La serie si carica di un peso tematico importante:

  • Il razzismo sistemico: la comunità messicano-americana è costantemente oppressa, minacciata da una polizia violenta e da speculazioni edilizie che vogliono cancellare interi quartieri.
  • La politica come veleno: la penetrazione nazista negli Stati Uniti non è fantascienza: è storia.
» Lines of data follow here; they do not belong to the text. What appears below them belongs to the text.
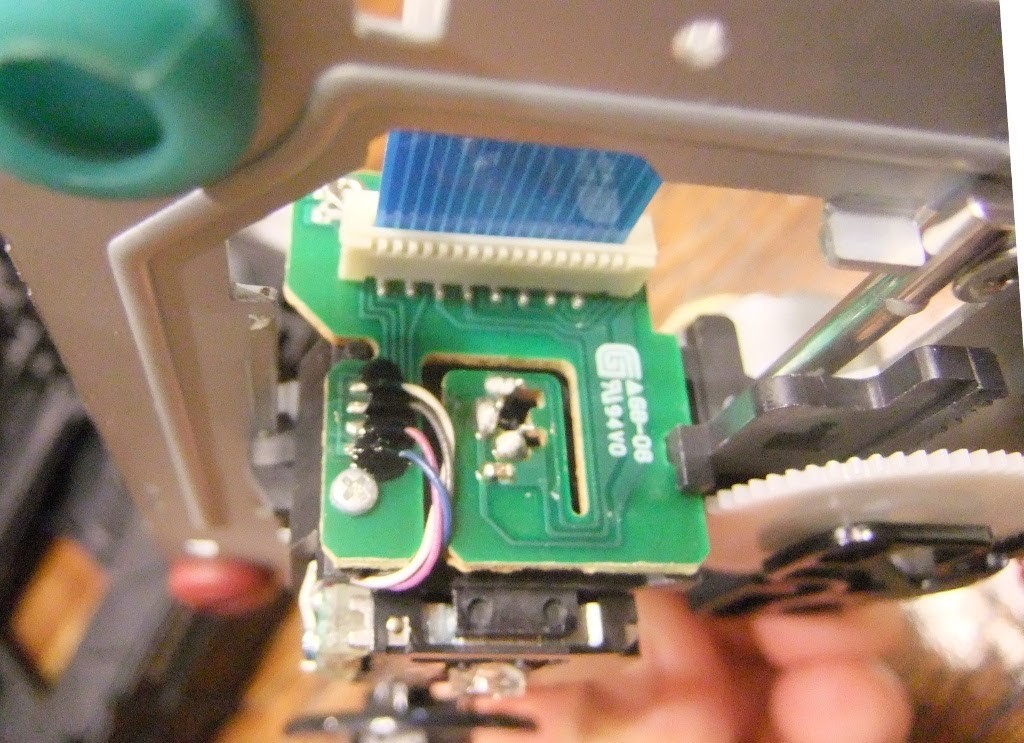 ONKYO FR-N9NX CD光ピックアップ交換メモ: 禿げオヤジ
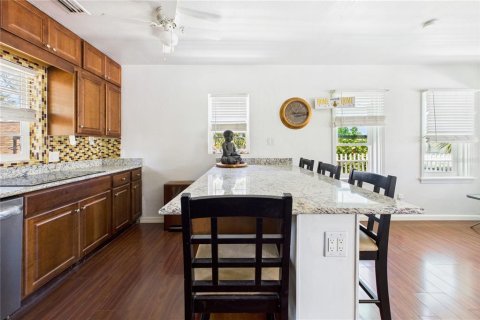 Casa en venta en Madeira Beach, Florida, 4 dormitorios, 162.11 m2 № 1636912 - foto 23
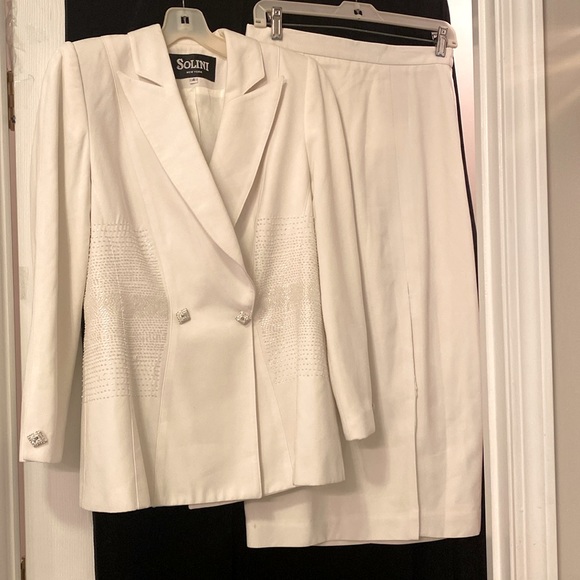 Solini Woman’s Suit, white, size 4 , 2 piece, 2 rhinestone buttons, beaded trim - Picture 2 of 7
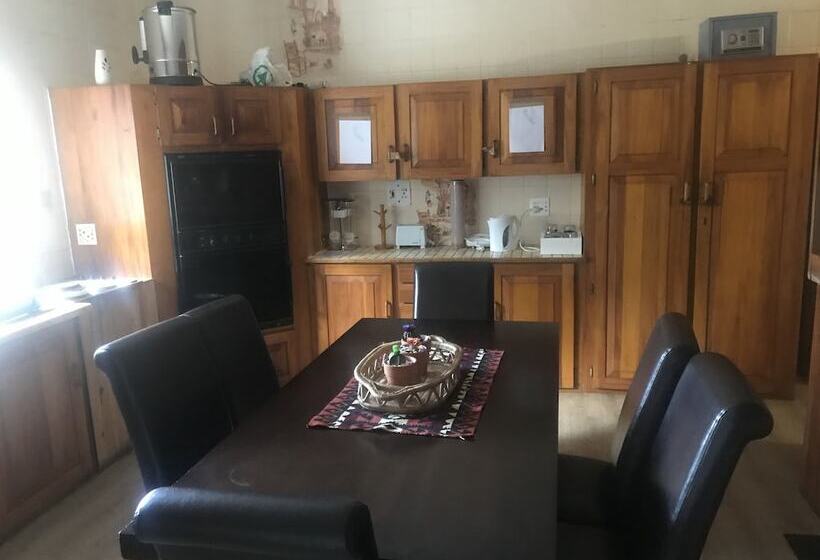 펜션 Kusha Sabie Two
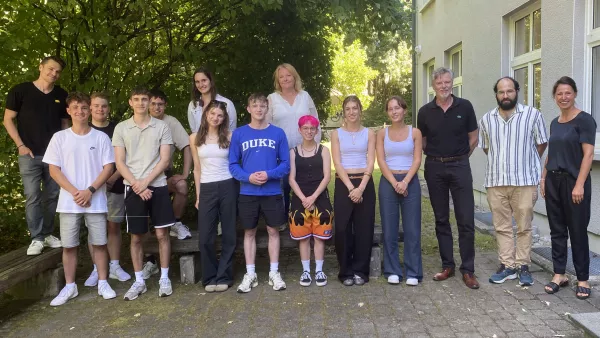 Informatikkurse der Humpis-Schule Ravensburg besuchen die RWU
City of Angels lo mostra con inquietante precisione.
  • Religione e mito: la spiritualità indigena e cattolica si fonde con un’iconografia quasi teatrale, dando spessore simbolico a ogni scelta narrativa.
  • L’identità ibrida: Tiago è l’incarnazione del conflitto tra due culture, tra radici e istituzione, tra ciò che si è e ciò che si deve essere.
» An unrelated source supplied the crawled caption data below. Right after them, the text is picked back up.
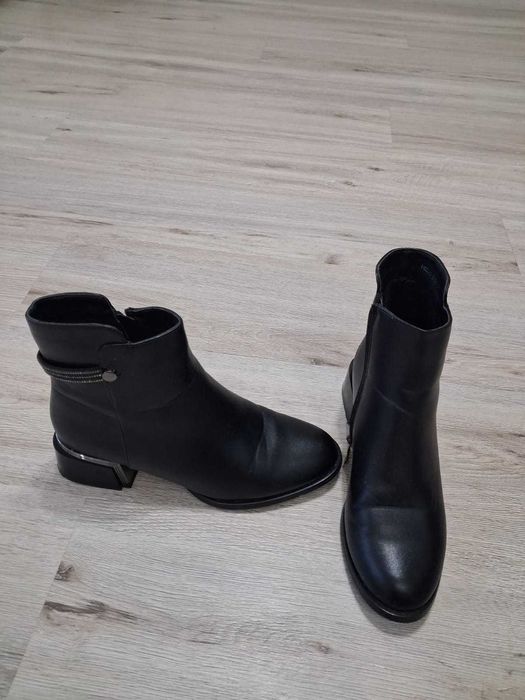 Ботинки женские, новые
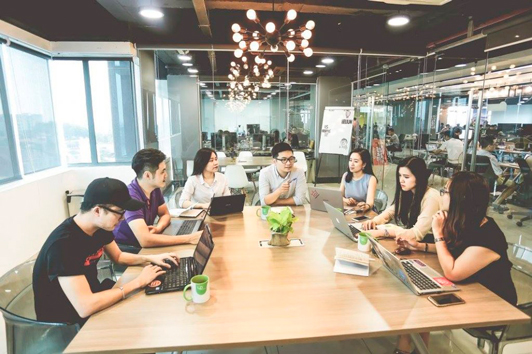 diferencias entre Coworking y espacio de trabajo compartido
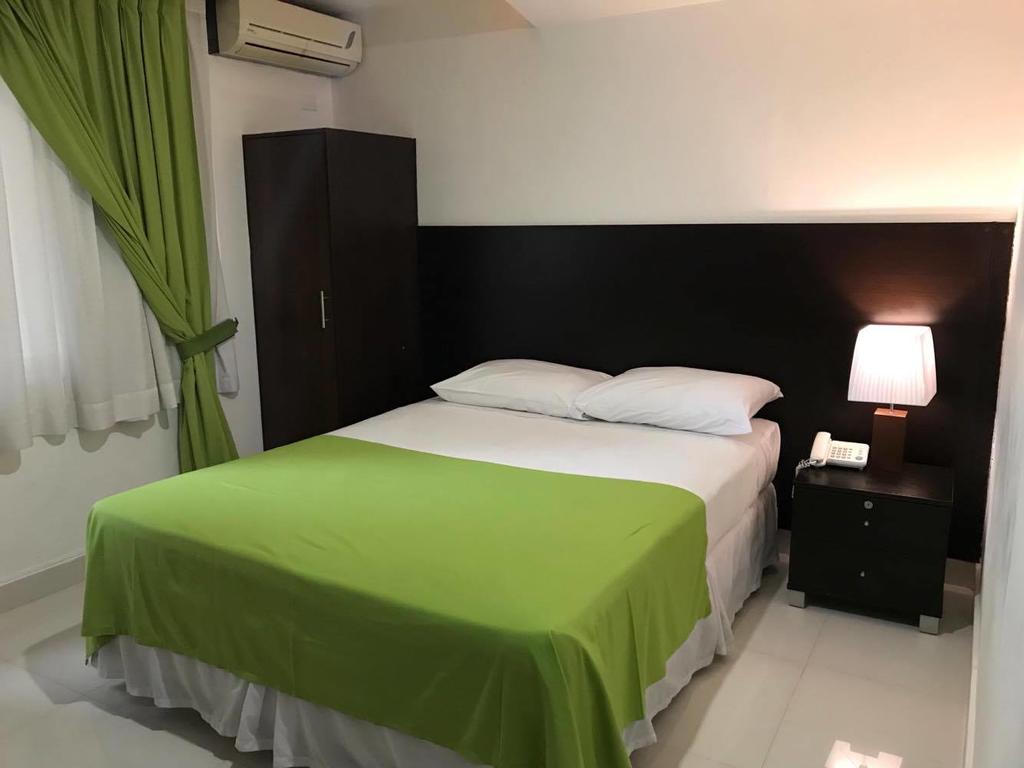 Az Hotel And Suites Панама Екстер'єр фото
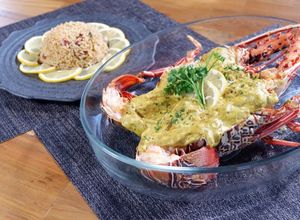 Foto resep Bahamian Curry Lobster & Rice and Peas ala Chef Juna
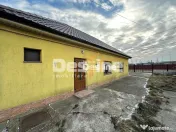 Pașcani - Casă la gri cu teren 450mp, încălzire în p...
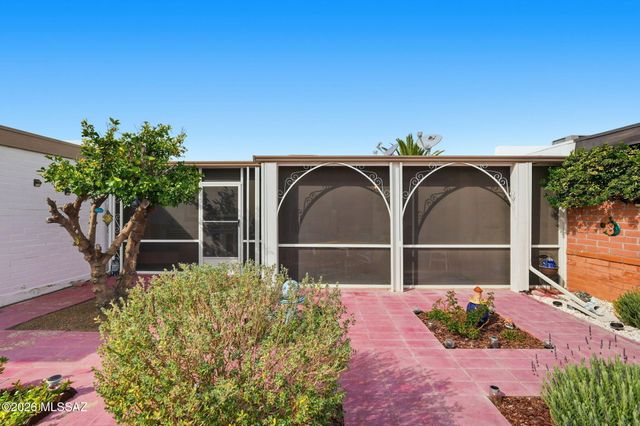 260 N Camino Del Vate, Green Valley, AZ 85614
Estetica e atmosfera: il fascino sinistro del sud-ovest

Abbandonato il gotico vittoriano, la serie abbraccia l’estetica del noir anni ’30:

  • Auto d’epoca, locali jazz, abiti impeccabili.
  • Luci basse, colori sabbiosi, tramonti rossi come presagi.
  • Un senso di inquietudine costante, sottolineato da una colonna sonora vibrante di tensione e malinconia.

La regia è elegante ma spietata, e ogni episodio trasuda ambizione visiva.

Un’idea ambiziosa, un cammino spezzato

City of Angels aveva tutte le carte per diventare una nuova opera di culto, ma nonostante la ricchezza tematica e una performance magnetica di Dormer, la serie è stata accolta con reazioni miste.

Molti hanno criticato il ritmo lento, la dispersione narrativa e il confronto (inevitabile) con la serie madre, troppo ingombrante per essere superato.

Risultato: cancellazione dopo una sola stagione. Il racconto si spezza, lasciando promesse non mantenute. Ma non privo di valore.

Un racconto perduto nel vento di Santa Ana

Penny Dreadful: City of Angels non è perfetto. Ma è coraggioso. È uno sforzo potente per raccontare un’America oscura e spesso dimenticata, usando il linguaggio dei miti, dei demoni e delle tensioni vere.

Non ci sono vampiri qui, né streghe. Ma ci sono poliziotti corrotti, nazisti americani, santi silenziosi e demoni che parlano con mille volti. In fondo, il terrore vero non viene dai mostri… ma dagli uomini.